According to the US Geological Survey, 72 percent of Utah’s water is used for irrigation, but there is not a clear understanding of water use at a field level. New research based at Utah State University offers insight about small farm water use in Cache Valley.
"There’s been a 245 percent increase in the number of farms of 1-9 acres along the Wasatch Front since 1974. That’s pretty significant," said Tyler Pratt, a water engineer with Keller Associates in Pocatello, Idaho.
According to Pratt, larger farm parcels in Utah are being fragmented into smaller family and urban farms.
However: "The Division of Water Resources is predicting that the current water demand will exceed the available supply by 2040. Very little is known about water use in the sector of urban and small farm agriculture," Pratt said.

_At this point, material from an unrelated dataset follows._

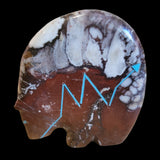 Classic Crazy Horse Stone Medicine Bear Zuni Fetish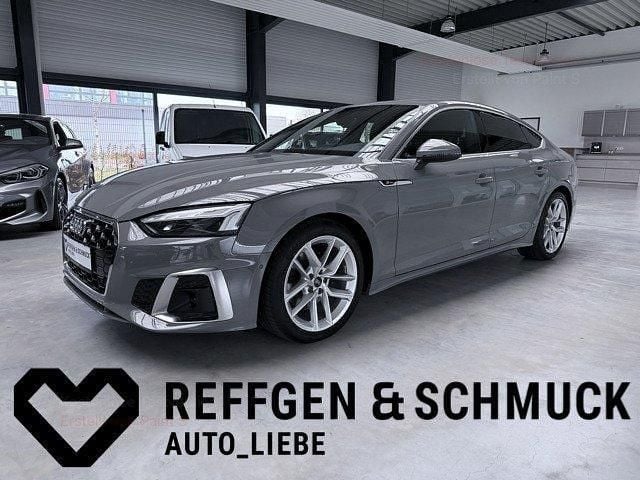 Gebraucht Audi A5 S-Line 163 PS (119 kW) 2021 Quantumgrau Coupé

To better understand this knowledge gap, Pratt and his collaborators conducted a case study of small farm irrigation water use in Cache Valley.
"I measured the water use and evaluated the irrigation practices on 24 urban and small farms in Cache Valley and on those farms that calculated their total water use and various efficiency metrics," Pratt said.

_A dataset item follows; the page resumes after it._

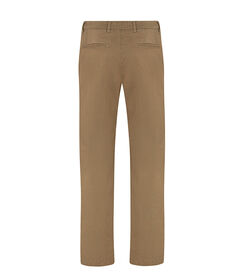 Pantaloni taupe con chiusura classica, Valerio 1966, 2787T4200TSTAUP42, 002 preview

Pratt found that small fields, especially fields with fixed irrigation schedules were less efficient and tended to overwater. And that mixed gardens had the most efficient water use.
"That is a significant finding," he said. "It means that if you wish to promote water conservation, promoting gardens as an alternative to landscapes has the potential to save water, compared to irrigated landscapes. That's interesting because that actually accomplishes multiple objectives of conserving water at the urban, in the municipal and industrial sector. But it also helps meet the objective of the growing trend of local foods, and self-reliance."
Water availability in Utah is a complicated matter, but Pratt says this research offers state and municipal agencies insight into water use practices on small farms, an increasing agricultural sector in Utah.